Whether you believe or not, the lore that began circulating in the early 2000's about quilts being used to communicate messages to slaves journeying by the underground railroad to freedom is intriguing. This idea, though, does underscore the fact that quilts have stories that communicate important messages, whether it is a form of code, a political statement, a memorial of a current event, the commemoration of a life, or other significant message.
Blocks are also created to represent a specific story. Blocks were designed, for example, to represent certain stories of the bible.
The palm leaf block tells the story of Palm Sunday. Just seeing the block encourages one to recount the story.
The second story is told through the color choices. Colors connote different feelings that add to the story being told. They create the mood and tone of the piece.
Fabric choices and stitching techniques also contribute to the total story.

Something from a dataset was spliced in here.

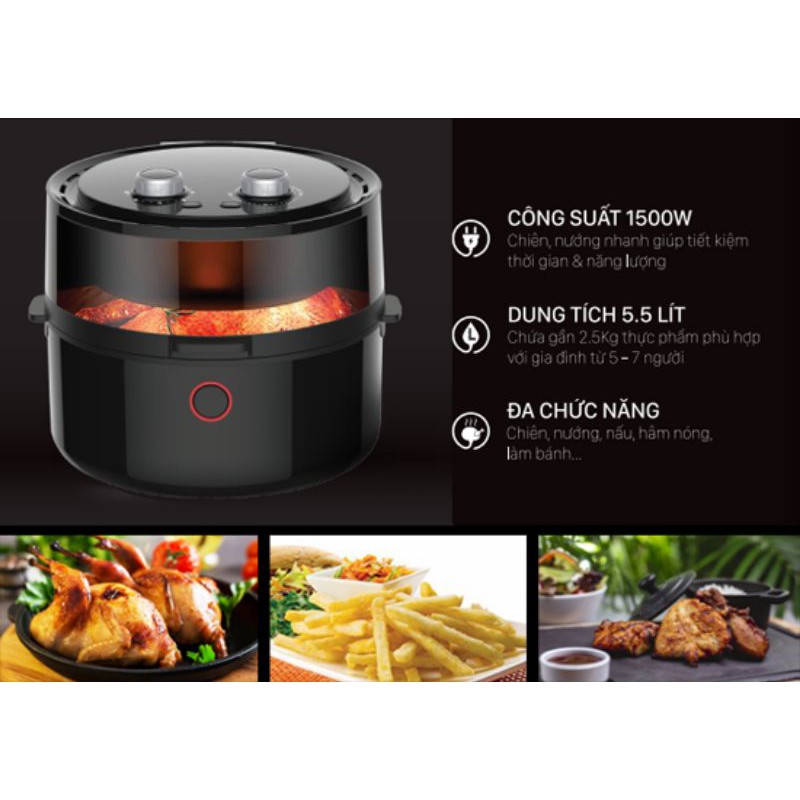 Nồi chiên không dầu Coex AFC-3109 5.5L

Fabrics can be used from clothing and memorabilia items, which can really tell the story. Other fabrics can contribute to the overall feeling that the quilt connotes. Whether stitched by machine or by hand, the creator's choice can say a lot about him or her and what is valued, which can be another piece of the story.
Another story emerges from the reason why the creator made the quilt and the recipient and occasion for the quilt. The reason for putting labels on quilts is to memorialize those stories. Quilt labels list the name of the piecer, the quilter, the recipient of the quilt, the reason for the gift, and the date and location completed. This information is important to tell the complete story of the quilt.
The final story comes in the quilting. The designs used on the quilt complement the story. The quilting is like the harmony. A quilt top can be beautiful on its own, but once you add the harmony, it becomes an amazing song.
Perhaps one of the best examples of the quodlibet of the quilt is the crazy quilt. So many layers of stories are included in the crazy quilt. The end result is an amazing work of art.
This patchwork of elements--the design, colors, who/what/when/where/why, fabric, stitching, and the quilting create the quodlibet of the quilt. Each element by itself is important, but it's not until all the pieces are put together that the true story emerges and sings.